We rolled up on the cabins in the closing light of day. Tadami is a small mountain town and I really like this sort of setting for spending my time in the country. You get to know more of the country and it's people. The cabin cluster we were staying at were two story, four to six people upstairs, two bunks and a kitchen and table downstairs. This is where we were to stay for a couple of days.

We were greeted by Yuzo Sebatza, Kozue Sanbe, Keiiji Ito, Kazuo Kurahashi, Masayuki Yamano and later joined by the Senior Photographer of Headwaters Magazine, Maruyama-san, all talented genryu fishers and specialists in their own skills. Sebata-san needs no introduction, Kozue Sanbe is a woman Tenkara fisher and one of Sebata-san's students, Keiiji Ito is a keen climber and Tenkara angler, Kura-san a skilled craftsman fisher, Yamano-san makes traditional bamboo fishing rods and Maruyama-san has been a photographer for Headwaters for some time. Both he and Yoshida-san are prominently featured in Headwaters nearly each issue. Keiichi Okushi joined us a little later as he was traveling from Mito to Tadami.

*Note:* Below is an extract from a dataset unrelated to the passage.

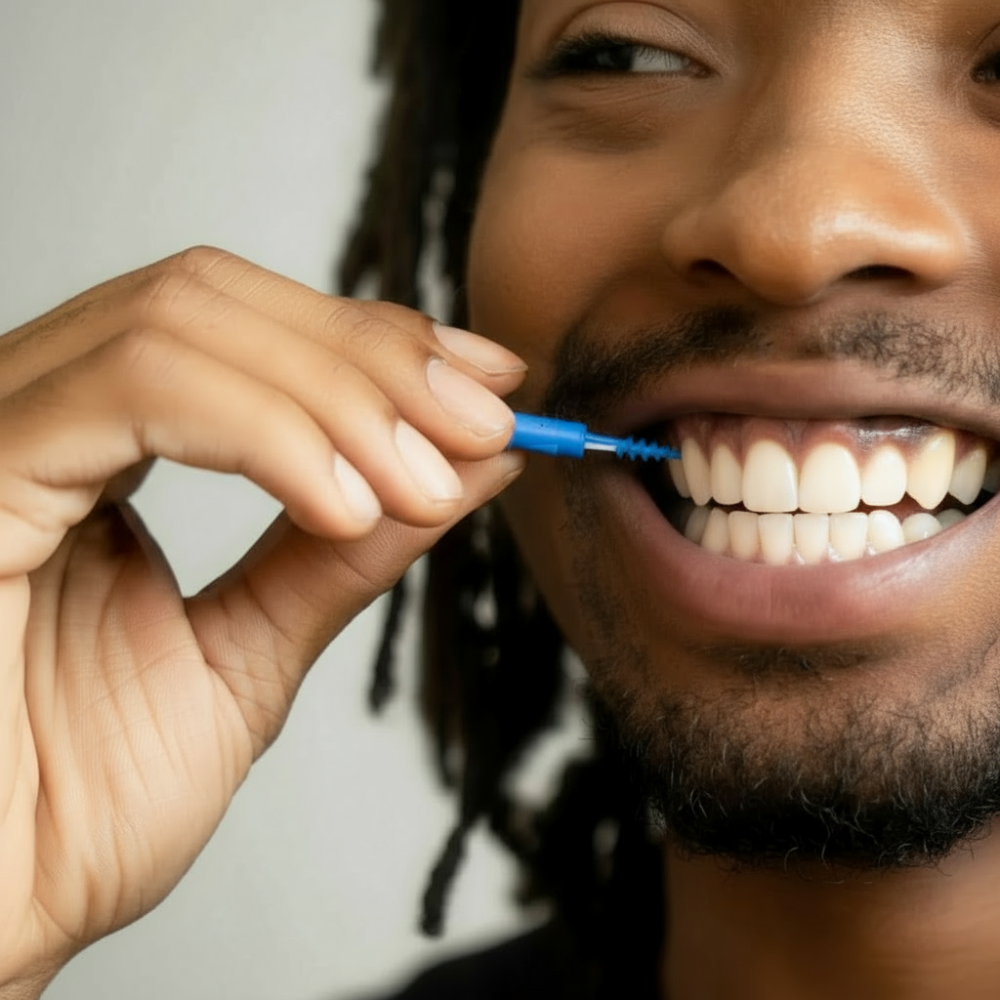 ODALIT™ Interdental Brush - Healthy Gums in 10 Seconds a Day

In the mountain cabins, we were in the company of the best of the best.

It was surreal.

We partied and got to know each other late into the night.

Kazuo Kurahashi, Go Ishii, Masayuki Yamano, Yuzo Sebata and Adam Trahan
Kura-san gave me a beautiful bamboo kebari box that he had crafted, gorgeous and Sebata-san asked me to accept a present of a Tenkara rod. He pulled it out and it was a beautiful bamboo rod! I was completely blown away by his kindness. I inspected the rod closely, the craftsmanship was beautiful. He was laughing the whole time and said the rod was his and like 50 years old. Ishii-san then told me why he was laughing. It was a fiber-glass reproduction of a bamboo rod. Sebata-san then tapped on the rod, yes, fiber-glass. 

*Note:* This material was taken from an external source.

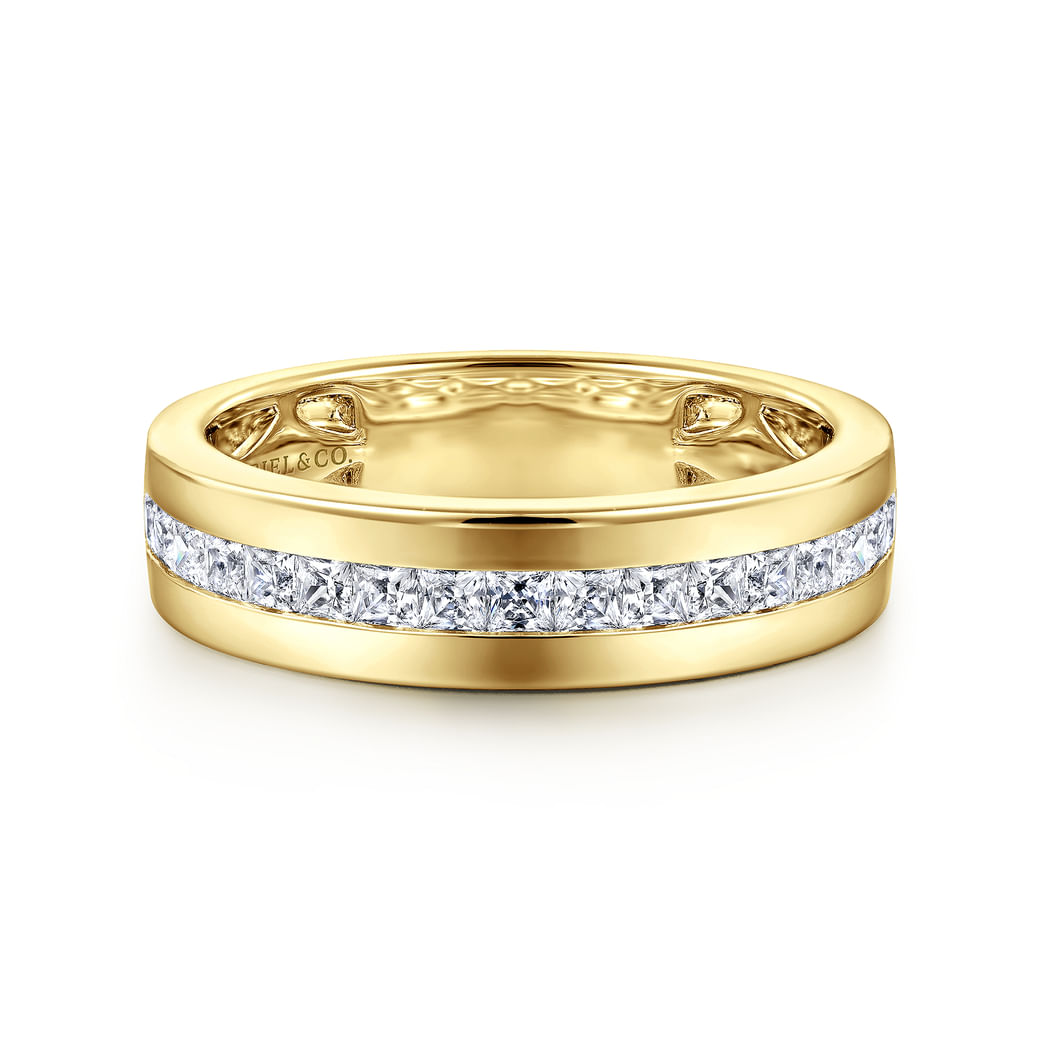 Match Diamond Band Gold Rings The 'Perfect Match' Set – David's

Yamano-san then handed out sticks of bamboo where we all waved them high in the cabin, clacking them together. The whole time Sebata-san was cooking mushrooms, vegetables, Sake was flowing. He pulled out Plum wine that was from 2014 and I started to drink that. I pulled out my laptop and begin keying up movies of Sebata-san fishing. All of the evening was amazing. I finally went to bed late after midnight and the rest of the crew continued to party...

The next day we woke up, got ready for a day fishing trip to a river system near by. It was a great way for me to get my feet wet to what was going to happen.

Maruyama-san driving me to Genryu starting point
I packed my gear and asked Maruyama-san if I could ride with him to the trailhead. He has a Suzuki Kei van and I really wanted to ride in one. Maruyama-san drove fast! I like fast driving. His van was completely kitted out for fishing.

At the trailhead, we piled out and got a quick class from Okushi-san to where we would be fishing. The short hike was over varied terrain and we had a bridge crossing that I really enjoyed.

It was good to be on the trail to go fishing.

We dropped into the river and began the rhythm where we were meet by small Iwana. I caught my first one and then another and another. The fishing was slow by Okushi-san's standards. It didn't matter, we were not bouz and I think everyone caught fish.

For me, it was not all that easy to hike and fish in Japan. I'm from the desert, the mean humidity level is less than 20% all the time, more like less than 10%. Here, each day was overcast and greater than 80% which meant that I was sweating hard with any exertion. I could hike no problem but it was just sweaty for me, profuse sweating. A couple of miles and I am drenched. I had good clothing choices but each day fishing ended in being soaked to the bone. I went through a lot of my limited clothes quickly.

Back at the cabins, we partied more and spoke about the plan for our genryu trip. I packed my kit in my Osprey travel pack and went to bed about 10 o'clock, again everyone else kept partying. 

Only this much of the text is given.